The story of Coriolanus was no more well-known in Shakespeare’s day than in ours. The life of Coriolanus is recorded in Plutarch, and Shakespeare drew from Thomas North’s translation, but there is no evidence that this story had ever been staged prior to Shakespeare’s play. Further, Plutarch’s Lives were not so popular in Elizabethan England as the Moralia , so Shakespeare would have had to put some time in the library to dig up this story.

STORY
Caius Martius, as his name implies, was a devotee of Mars. He was Rome’s greatest warrior in the time of the early Republic (5th century B.C.), whose greatest exploit was the single-handed (according to Shakespeare) conquest of the Volscian city of Corioli (or Corioles), after which he was given the honorific title, “Coriolanus.” Several features of his initial situation should be noted. First, as Plutarch points out, Coriolanus’ father died when he was young and he was raised by his mother, Volumnia. Plutarch records that Coriolanus did everything for the pleasure of his mother. Shakespeare plays up this aspect of Coriolanus’ character a great deal, and gives a lot of attention to the character of Volumnia. She is a martial, thoroughly Roman mother, who presses her son into war and praises him for his deeds of honor (1.3.1ff). When he returns from battle, she shows an excessive interest in his wounds (2.1.139ff). Allegorically, she symbolizes Rome herself, the “nursemaid” of Coriolanus and all the Romans.

Second, very early Shakespeare introduces the rivalry between Martius and the Volscian commander Aufidius. Martius has bested Aufidius several times in single combat, and looks for opportunities to fight his rival again. Both Volumnia and Aufidius play crucial roles in the tragedy.

Third, from the first lines of the play, the plebs (citizens) are expressing their hatred for Martius, blaming him for the lack of bread (1.1.24ff). Martius, for his part, despises the plebians (note his first entrance, 1.1.162ff). This conflict between Martius and the plebs takes a specific form in his conflicts with the tribunes, Sicinius and Brutus. The tribunate is an innovation of Roman politics at the time the play is set, and is the particular institution that gave Rome its particular form of “mixed” government. Tribunes represented the interests of the people; thus, the creation of the tribunate broke the aristocracy’s monopoly of political power. Yet, tribunes did not rule alone, so the government was not purely democratic. Tensions inherent in this “mixed” situation are at the heart of the politics of the play; Coriolanus himself expresses the problems caused by the democratic element in his speech decrying the “double worship” of Roman politics, the absurdity of forcing men of wisdom to wait upon the “yea or no of general ignorance” before making a decision (3.1.140ff).
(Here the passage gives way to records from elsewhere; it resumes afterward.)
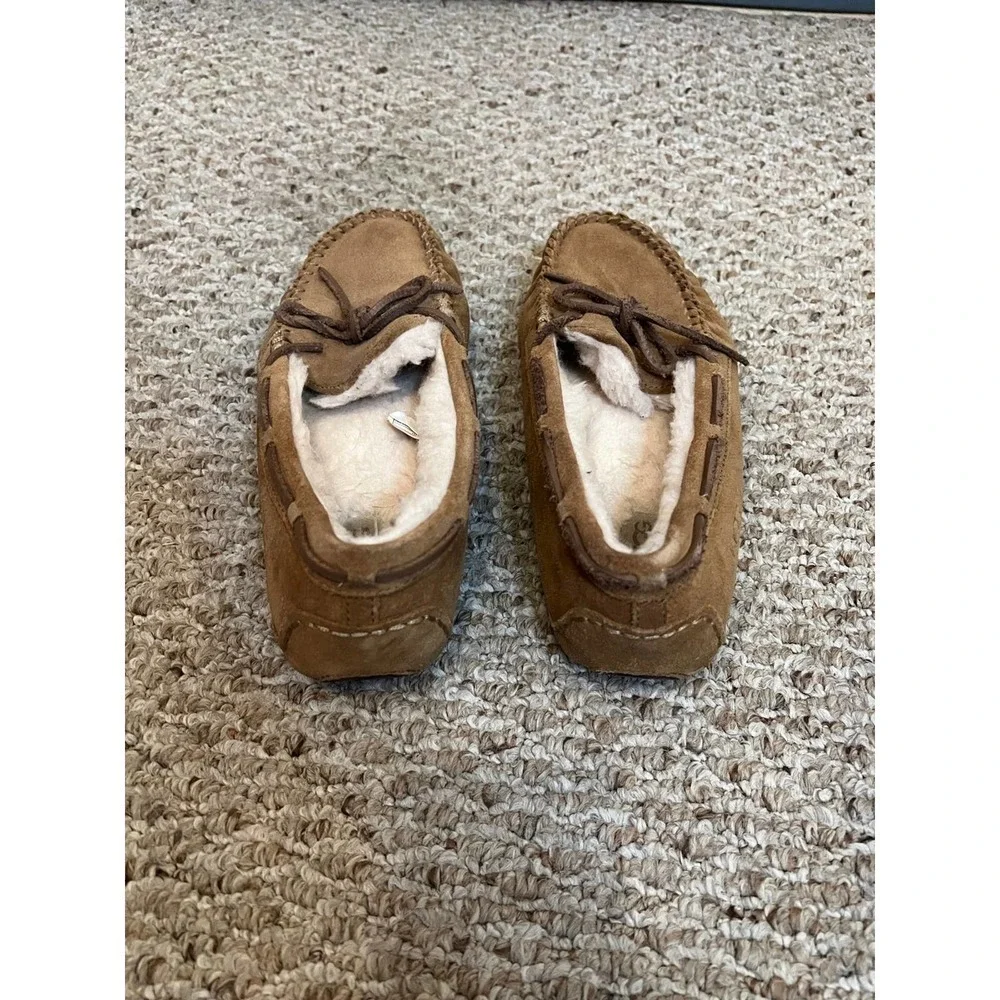 UGG kids Dakota slippers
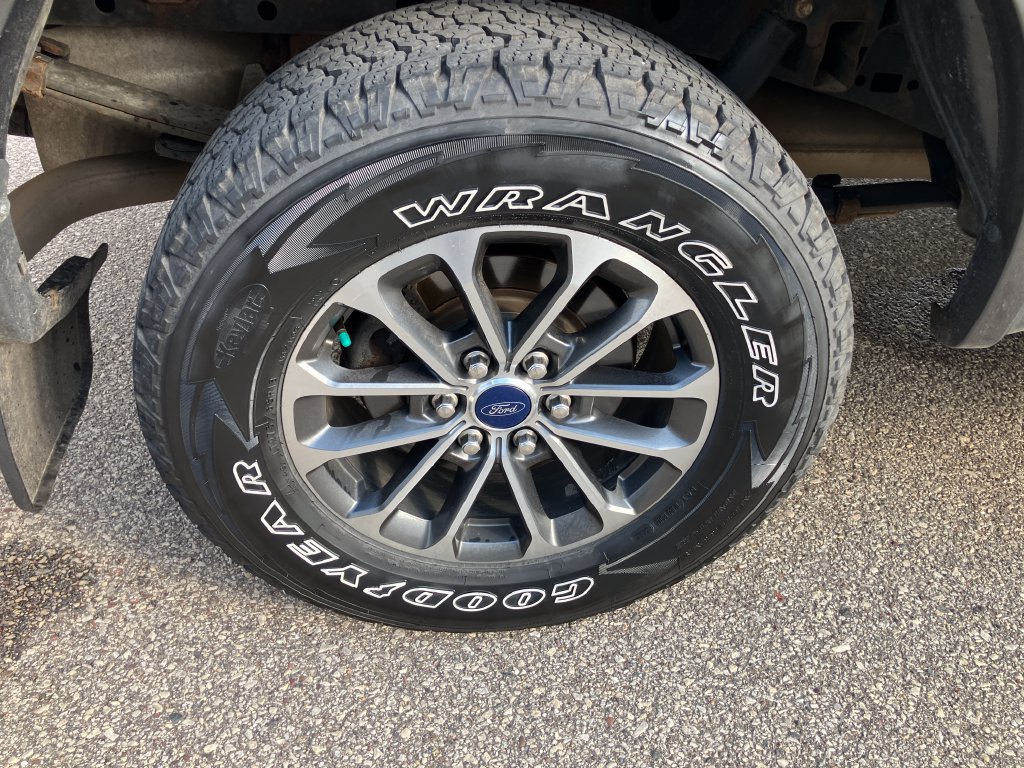 Used 2019 Ford F150 Lariat AWD/4WD image 20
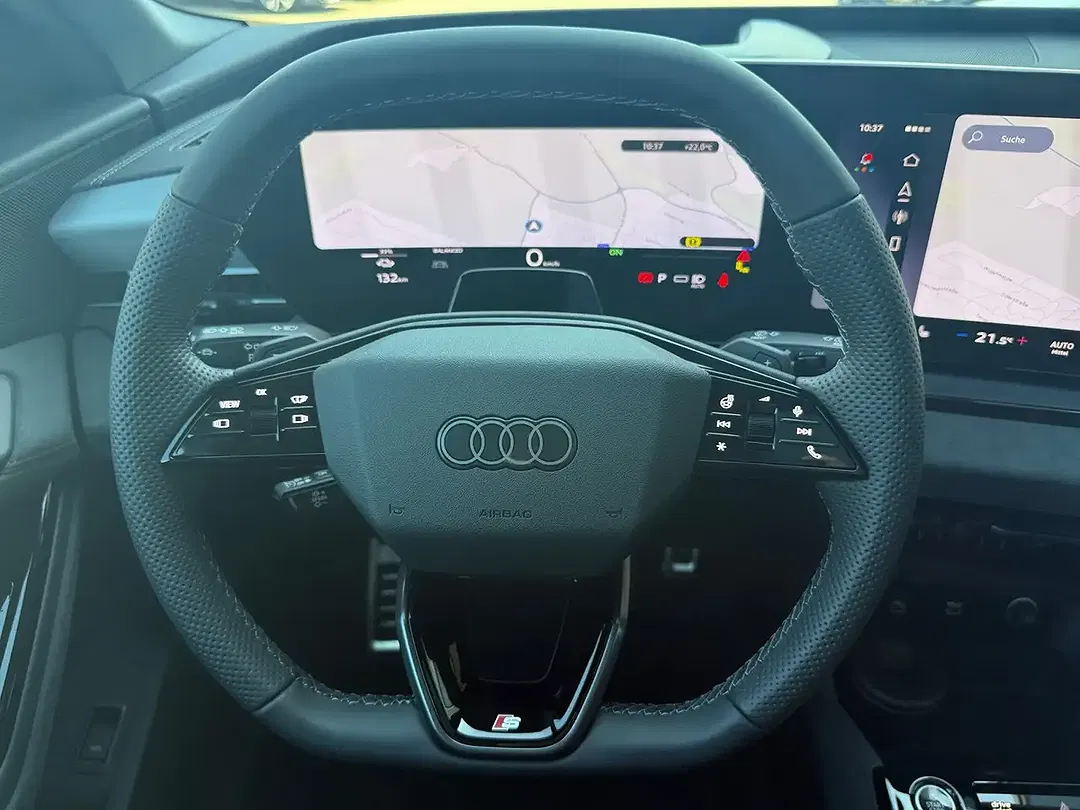 Audi Q6 e-tron quattro S line - Thumbnail 11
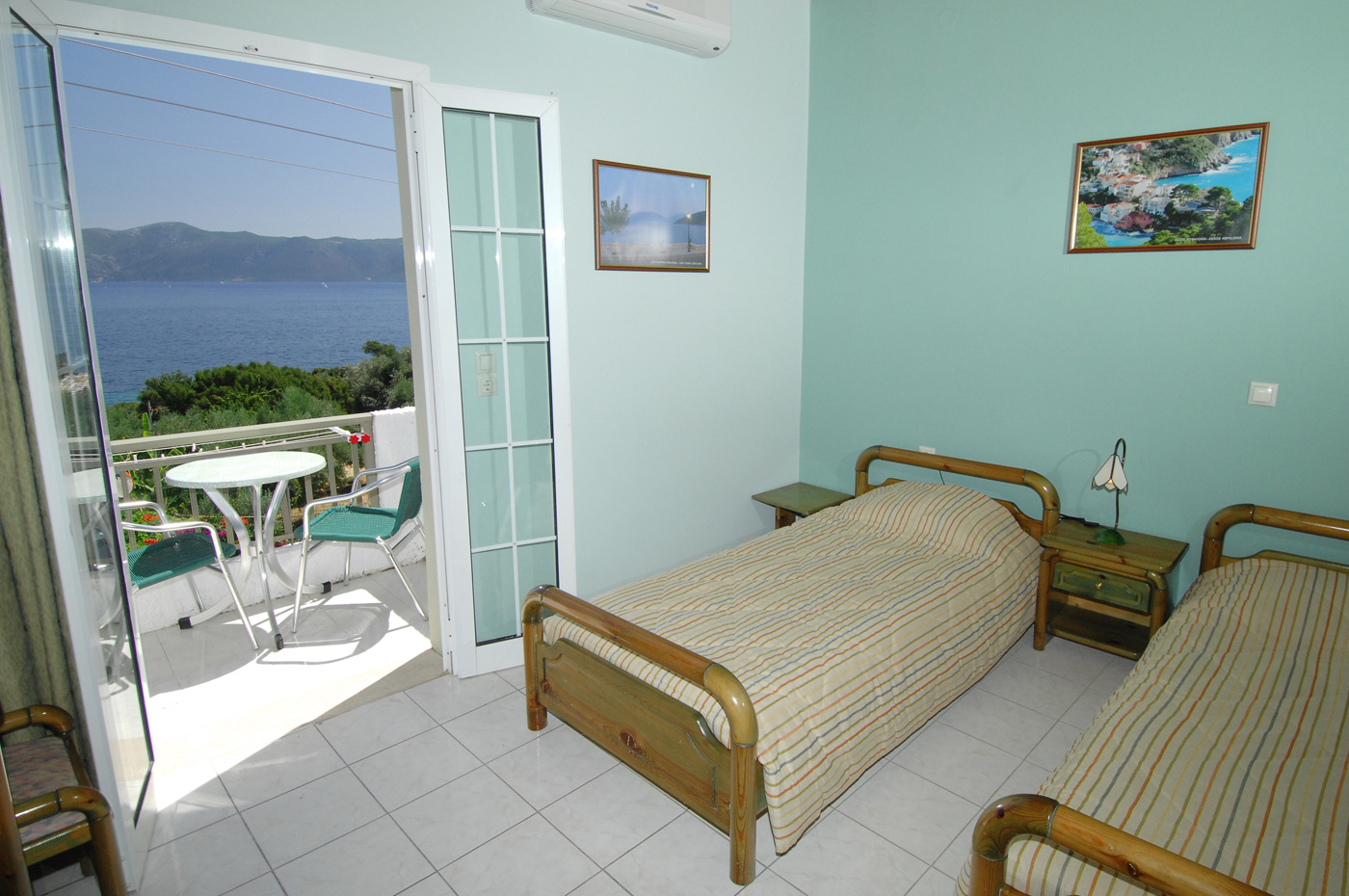 Kefalonia Studios and Apartments - Kefalonia Studios Agia Efimia - Makis Apartments Agia Efimia Kefalonia - Kefalonia Hotel Agia Efimia - Hotels in Agia Efimia Kefalonia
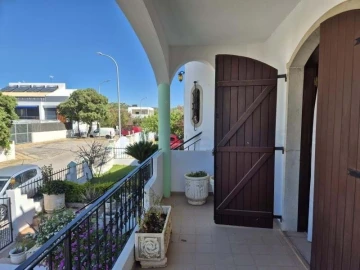 Moradia T5 para Venda em Loule (São Sebastião)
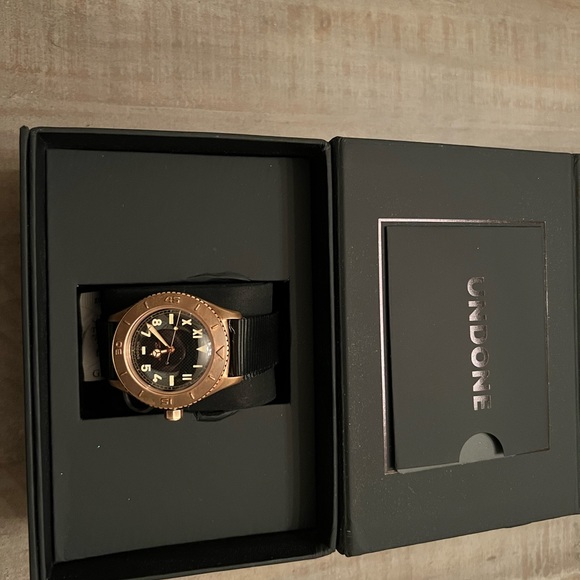 Undone BaseCamp Cali Bronze - Purchased 11/15/22 Worn 3 Times. - Picture 4 of 6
One of the crucial moments in the plot comes here, with Coriolanus’ attack on the democratic tribunate.

Following his victory at Corioli, Coriolanus stands for consul. Under the Republic, the consul was the highest magistrate. Two consuls were elected to one-year terms, a kind of co-presidency that ensured that no one would gain too much power. To become consul, Coriolanus has to gain the voices of both the Senate and the people. The former he easily secures, but to gain the support of the people he must don the robes of a pleb and go around asking for their support. Reluctantly, Coriolanus follows this custom, and gains the voice of the people. But the tribunes convince the people to withdraw their support, and manipulate Coriolanus into an anti-popular outburst that ends with him being charged with treason. His friends appeal to him to flatter and cajole to win back the people, but Coriolanus is too proud and is eventually banished from Rome (3.2.108ff; 3.3.121ff).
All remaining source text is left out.